SUPPLIED MATERIAL =
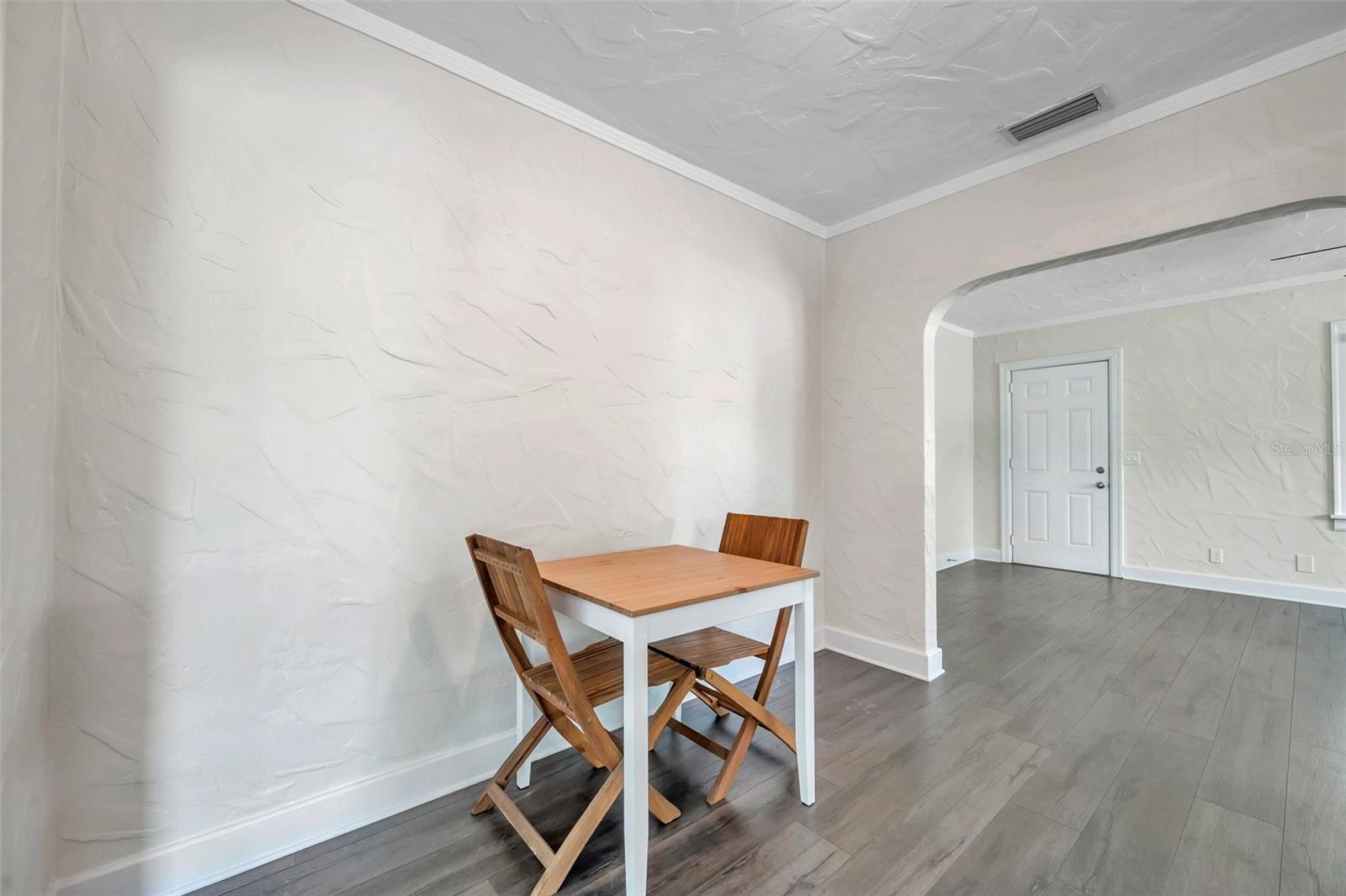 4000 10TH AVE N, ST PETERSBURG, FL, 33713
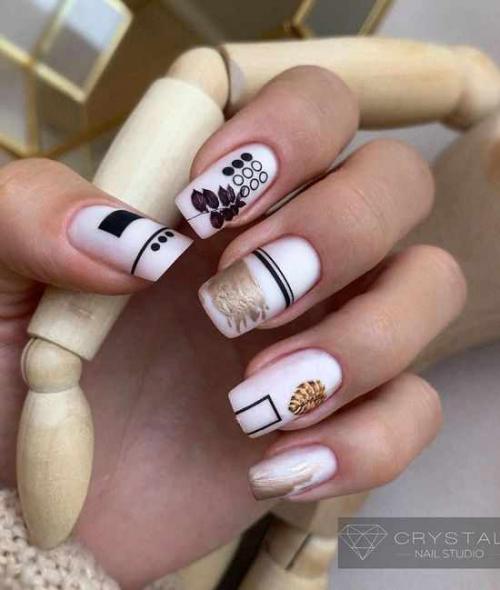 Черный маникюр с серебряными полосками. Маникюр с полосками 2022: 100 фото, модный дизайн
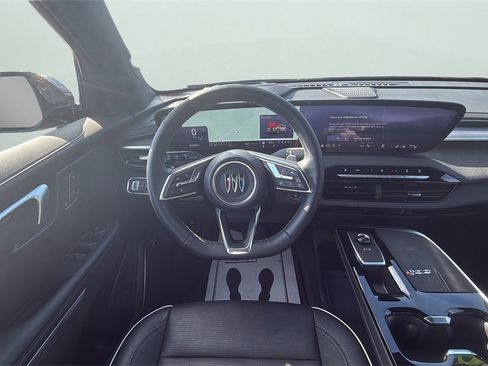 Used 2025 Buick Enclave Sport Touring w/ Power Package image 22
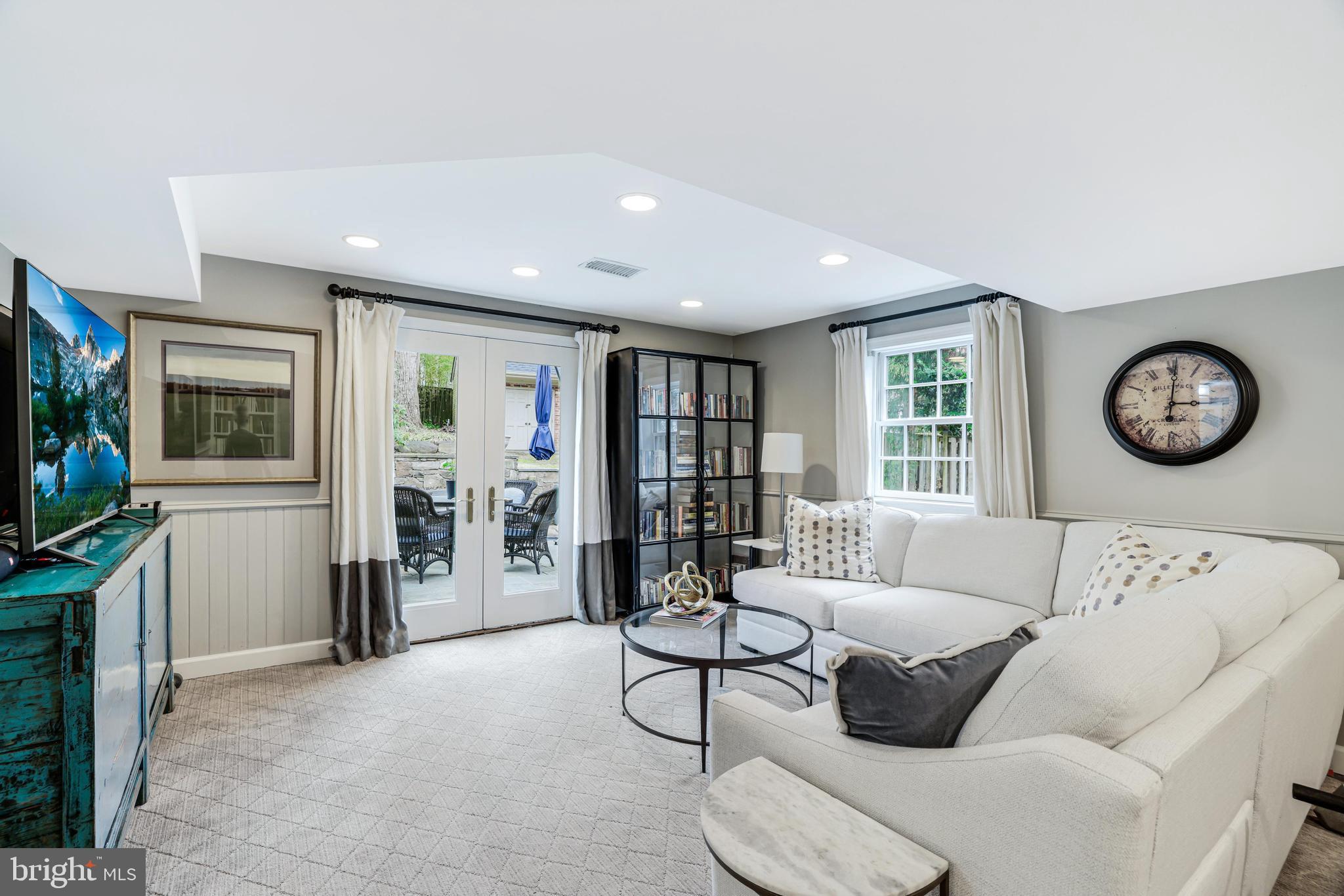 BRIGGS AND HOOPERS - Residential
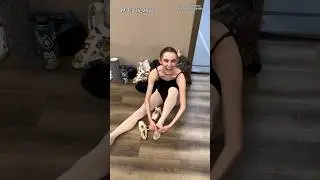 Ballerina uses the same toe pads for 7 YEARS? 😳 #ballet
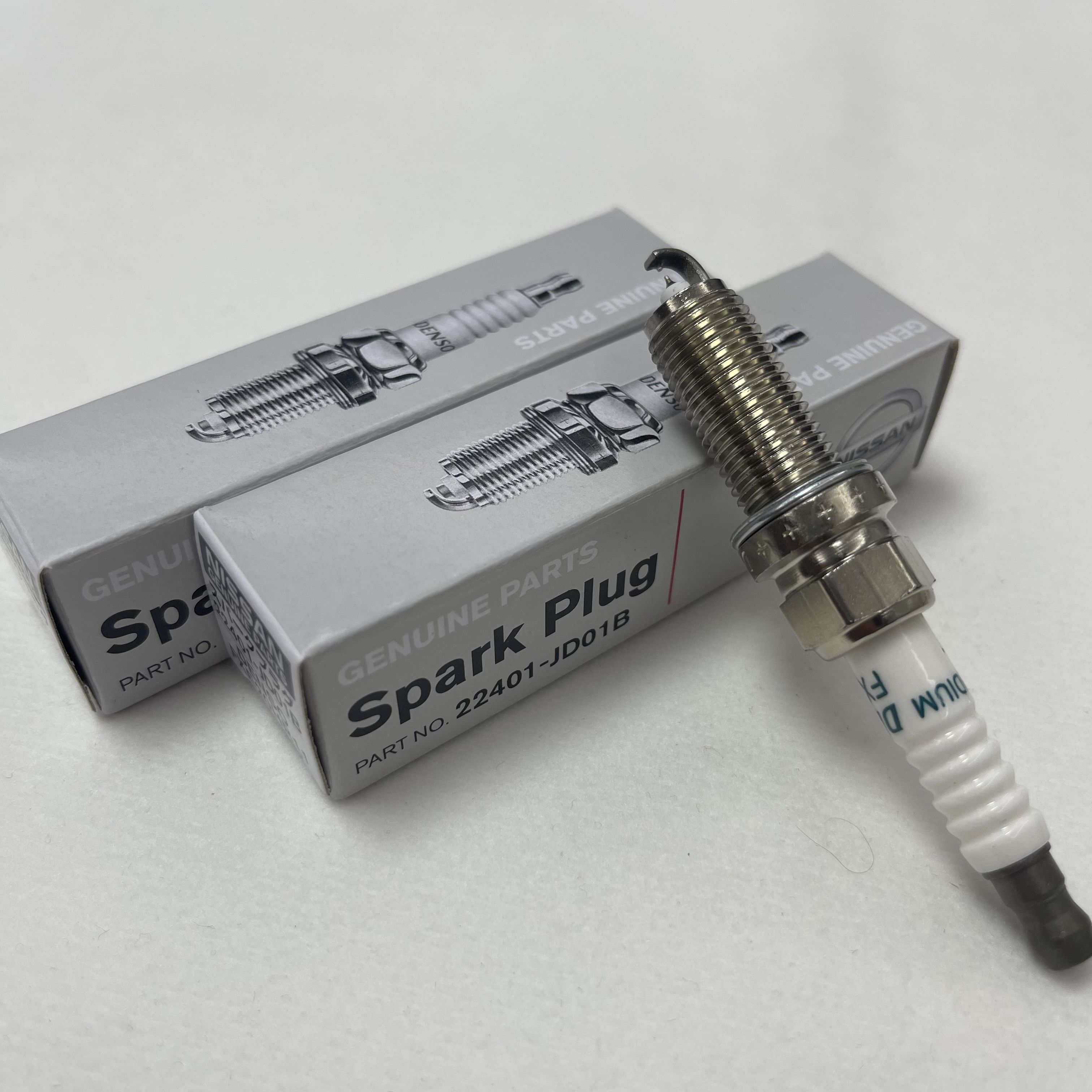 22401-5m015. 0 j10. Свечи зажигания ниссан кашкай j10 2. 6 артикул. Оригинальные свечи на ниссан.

...

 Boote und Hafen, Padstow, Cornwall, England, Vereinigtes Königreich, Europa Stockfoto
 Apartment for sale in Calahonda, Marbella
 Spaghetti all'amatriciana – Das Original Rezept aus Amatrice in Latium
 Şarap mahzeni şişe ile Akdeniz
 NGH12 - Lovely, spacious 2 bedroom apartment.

* * *

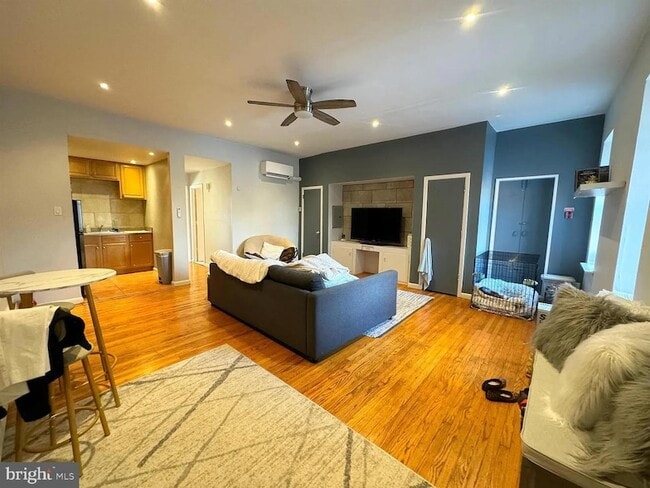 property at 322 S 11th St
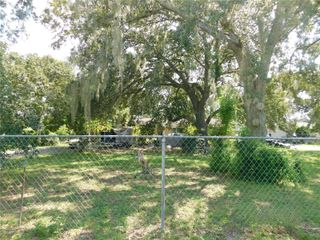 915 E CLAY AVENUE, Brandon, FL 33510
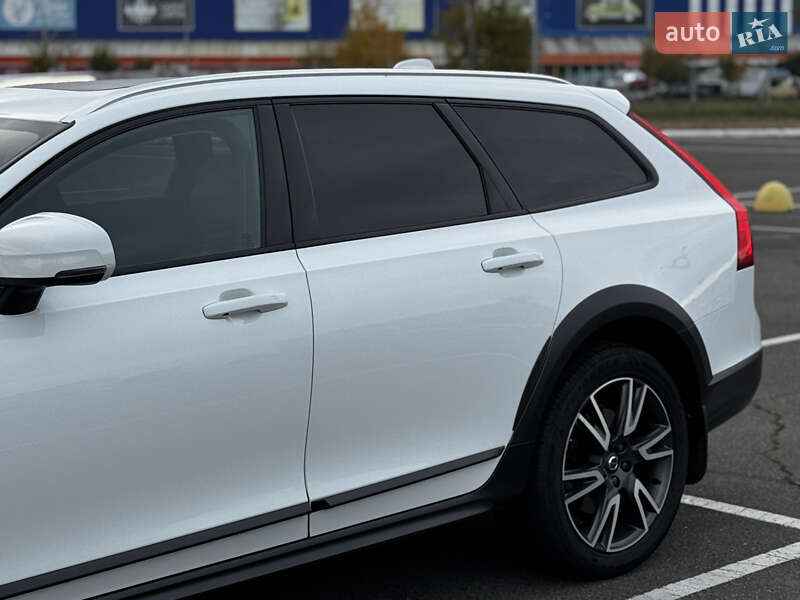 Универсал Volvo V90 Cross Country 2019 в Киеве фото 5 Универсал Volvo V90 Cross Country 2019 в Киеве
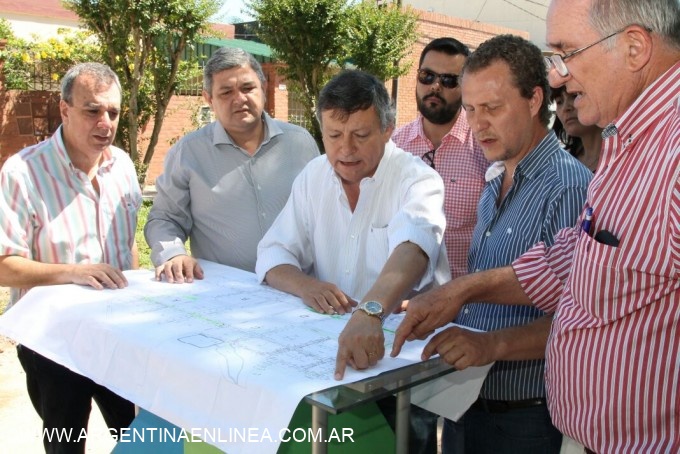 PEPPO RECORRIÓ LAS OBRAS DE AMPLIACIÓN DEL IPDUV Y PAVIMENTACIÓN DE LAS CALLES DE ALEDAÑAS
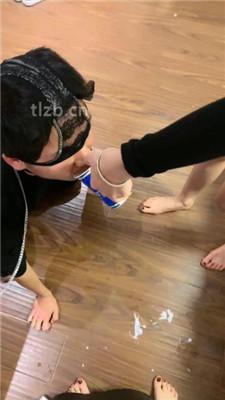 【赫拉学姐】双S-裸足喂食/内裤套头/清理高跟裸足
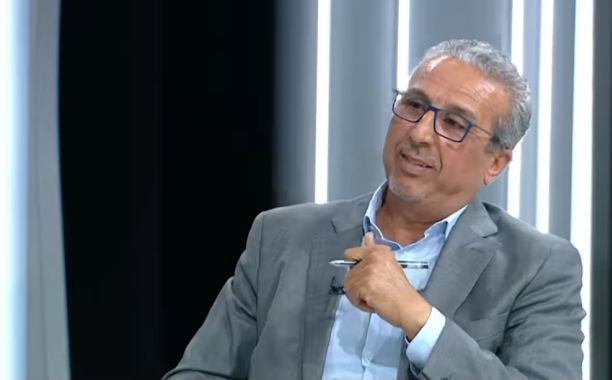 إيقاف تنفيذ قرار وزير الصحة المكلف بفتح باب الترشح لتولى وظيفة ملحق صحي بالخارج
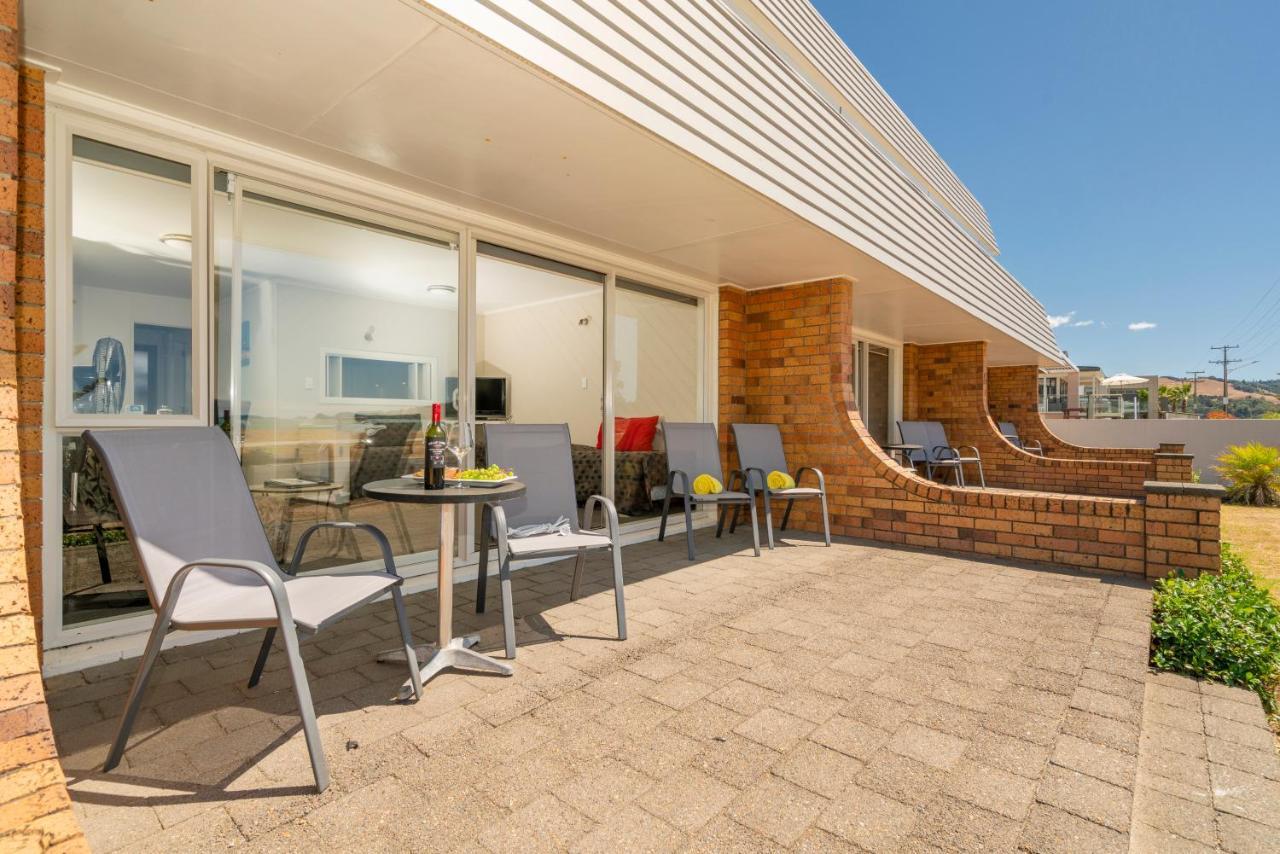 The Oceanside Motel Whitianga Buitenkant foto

ABOUT THIS EXERCISE = In the material above, transcribe exactly the lines beginning at the one with "Boote und Hafen, Padstow, Cornwall, England, Vereinigtes" and ending at the one with "NGH12 - Lovely, spacious", both included.

ANSWER =
 Boote und Hafen, Padstow, Cornwall, England, Vereinigtes Königreich, Europa Stockfoto
 Apartment for sale in Calahonda, Marbella
 Spaghetti all'amatriciana – Das Original Rezept aus Amatrice in Latium
 Şarap mahzeni şişe ile Akdeniz
 NGH12 - Lovely, spacious 2 bedroom apartment.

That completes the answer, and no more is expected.